Your swap to an 6.2 is going to take more work than you think and limiting that to an L92 might be a mistake. Look at an L9H in newer SUVs which still required the VVT delete just like the L92, which would all be taken care of with a cam swap anyways. Then there is always the LS3 without that issue as well, but getting harder to find in decent shape.

There are some guys here who have went the 6.0 and 6.2 installs, they can provide more details, like what monster TQ does in a FT 4X4 at WOT with the wheels turned. ;)

Supercharges sound great, but not what I would do with this off road platform.

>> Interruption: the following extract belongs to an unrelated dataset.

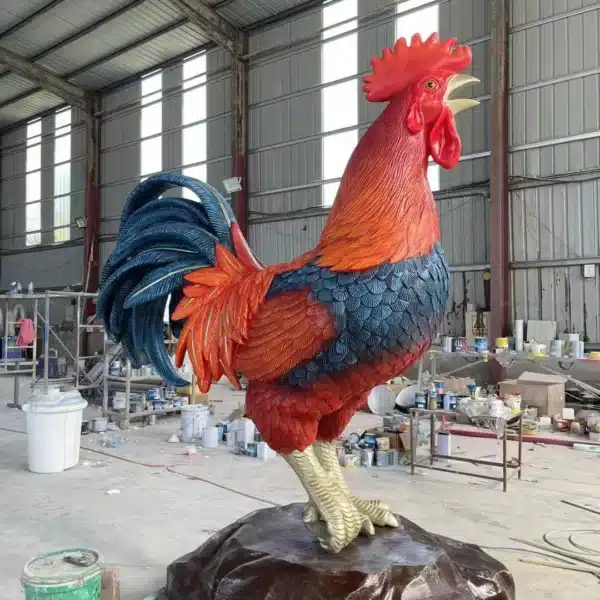 Giant 6 Foot Rooster Statue (5) Giant 6 Foot Rooster Statue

IMHO, you want fast/fun, get an old 2WD pickup for a 6.2 with killer trans and TQ converter project.
 

Ghostbuster

Well-Known Member
Messages
861
Location
United States
Thanks for the reply.

I don't want an agressive cam. Wouldn't that be necessary to get the HP up on the 5.3l?

So a 6.2l with a built 4l60e should be what I'm looking for?

Do I need VVT delete? Or just make sure it doesn't have AFM?
 

Doc Olds

Well-Known Member
Messages
135
Location
Boat Town MI
Thanks for the reply.

I don't want an agressive cam. Wouldn't that be necessary to get the HP up on the 5.3l?

So a 6.2l with a built 4l60e should be what I'm looking for?

Do I need VVT delete? Or just make sure it doesn't have AFM?

You would be building a truck motor, not a high RPM light weight car motor.

Use a truck cam with LS6 springs like I did, gain low & midrange HP/TQ with no loss of low end power. A low lift with a moderate increase in duration like 210-218 @ .050 range. I used a Texas Speed TSP Stage 2 Low Lift LS Truck Cam 212/218 .550"/.550" with 112 LSA. Hits that mark spot on. There are many other choices out there. 50+/- HP and a little less TQ at the wheels with no other mods except a tune for the cam. You end up with a barely noticeable cadence lope. If you want some chop, shorten the LSA to 111. More lift will bring more gains, but all at higher RPMs where these trucks do not go. For comparison, the stock LH8 has a lift of 190/191 degrees @ .050 with an LSA of 114 for getting kids to soccer practice. 😜

Add the other goodies and tune accordingly for more.

You can get another bump with Intake Manifold (although the LH8 flows pretty darn good) with a FAST LSXRT Intake Manifold, again gains down low and all the way to the top. That is kind of pricey for 15HP. Want more, go with cathedral port heads - get real expensive there. Reminds me of the saying back in the day, the first 10 HP is cheap, after that the cost of poker rises exponentially.

I glossed over the details, but you can get the TSP Truck cam kit, with LS6 beehive springs, hat seals, crank bolt, gaskets for water pump, front cover, and cranks seal for like $530 delivered, better if you shop it for a while. All you need then is the 3 bolt cam conversion kit, including ARP bolts, LS3 chain tensioner, and HD timing chain just under $100. So all in $630 plus whatever you have to pay for your tune if you can't do it yourself. A SC complete kit is 8 -10 Xs that, more work and still needs a tune.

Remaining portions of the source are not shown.